Wednesday, March 17, 2010

Associated Press

WASHINGTON

Maxi Sopo was having so much fun “living in paradise” in Mexico that he posted about it on Facebook so all his friends could follow his adventures. Someone else was watching, too: a federal prosecutor in Seattle, where Sopo was wanted on bank-fraud charges.

Tracking Sopo through his public “friends” list, the prosecutor found his address and had Mexican authorities arrest him. Instead of sipping pi ±a coladas, Sopo is awaiting extradition to the U.S.

Sopo learned the hard way: The Feds are on Facebook. And MySpace, Linked- In and Twitter, too.
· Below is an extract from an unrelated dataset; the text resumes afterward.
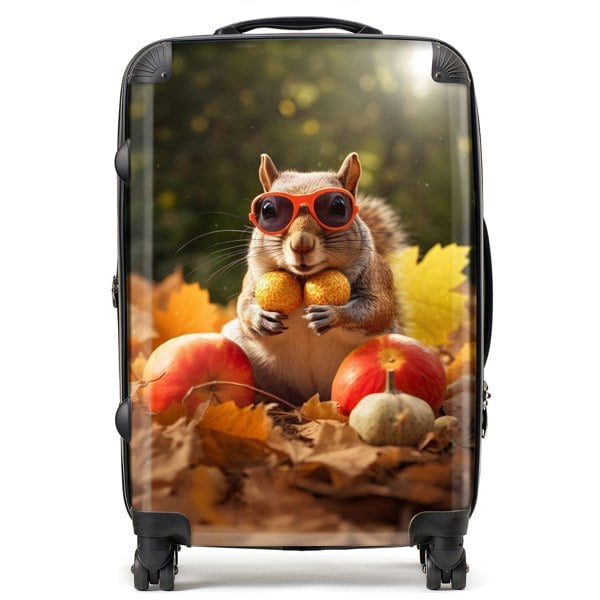 Warren Reed Nuts For Winter Suitcase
Law-enforcement agents are following the rest of the Internet world into popular social-networking services, even going undercover with false online profiles to communicate with suspects and gather private information, according to an internal Justice Department document that surfaced in a lawsuit.

The document shows that U.S. agents are logging on surreptitiously to exchange messages with suspects, identify a target’s friends or relatives and browse private information such as postings, personal photographs and video clips.

Among the purposes: Investigators can check suspects’ alibis by comparing stories told to police with tweets sent at the same time about their whereabouts. Online photos from a suspicious spending spree — people posing with jewelry, guns or fancy cars — can link suspects or their friends to crime.

The Justice document also reminds government attorneys taking cases to trial that the public sections of social networks are a “valuable source” of information on defense witnesses.”